We rested for a day before Dini told me she was taking about 20 of her students to the Ocean City Regional. It was there that I met Millard Nachtwey, who I was told is one of ACBL’s top tournament directors. Dini was very grateful to him for “taking great care” of her new players.


At the Ocean City Regional

Just as I was ready to leave, it finally stopped raining. Nothing, of course, could have dampened my enjoyment of the trip.
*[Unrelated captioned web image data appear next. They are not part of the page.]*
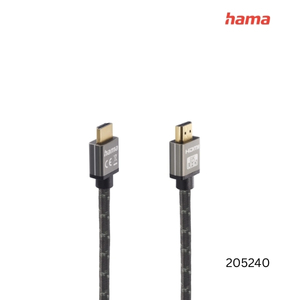 Hama Ultra High Speed HDMI Cable Ultra HD 8K Aluminium 2.0m | 205240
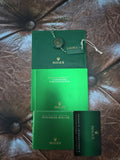 Rolex Green Booklet & Wallet Set Card Holder Tags Manual Accessories set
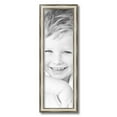 thumbnail image 2 of ArtToFrames 8x26" Antique Silver Panel Picture Frame, Silver Wood Poster Frame, with Regular Acrylic and 2 (FBPL-4760), 2 of 7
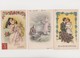 Lot De 10 Cartes Fantaisie Dessinées ( Dont Gaufrées)  / Couples - Couples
I will always have fond memories of Dini and her gang.  Below are a couple more photos of my new friends from Delaware.




Bob in Tunica

Monday, November 9th, 2009

It was good to get back to Memphis for a little while, although I spent most of my time at the regional tournament in Tunica, Mississippi.

In case you don’t know, Tunica is in North Mississippi, not that far away from ACBL Headquarters, and from what I’ve been told, it will be even closer next year when the HQ moves to Horn Lake, Mississippi.

Anyway, we took off from the office the first day of the tournament, and as we drove – it’s about a 30-minute car ride – I kept seeing all these billboards for gambling casinos. Who would have thought that Mississippi would be home to such places! I find it interesting, by the way, that the state law says all such establishments must technically be riverboats (!??!). They get around that by having part of the structure of each casino sitting over some water. You sure can’t tell you’re over water when you’re in one of those places. It’s pretty silly, if you ask me.

The reason I know about this is the other surprise I got – that the tournament was in one of these casinos. Of course, before I dropped out of bridge for a while, there weren’t so many places to gamble – Atlantic City NJ was most familiar to me – and we would never have thought of having a tournament at a casino. Then again, how could I expect today to be the same as the old days?

I had a lot of fun in Tunica, I must admit, mostly from meeting different people.

Tournament Director Su Doe

Tournament Director Su Doe

The Tunica tournament is well attended, so there are lots of TDs around. If there’s one constant in bridge, it’s the TDs. They are still as interesting and people-oriented as the ones I knew “back when.” They dress differently, of course – no suits and ties – but that’s true of the players as well.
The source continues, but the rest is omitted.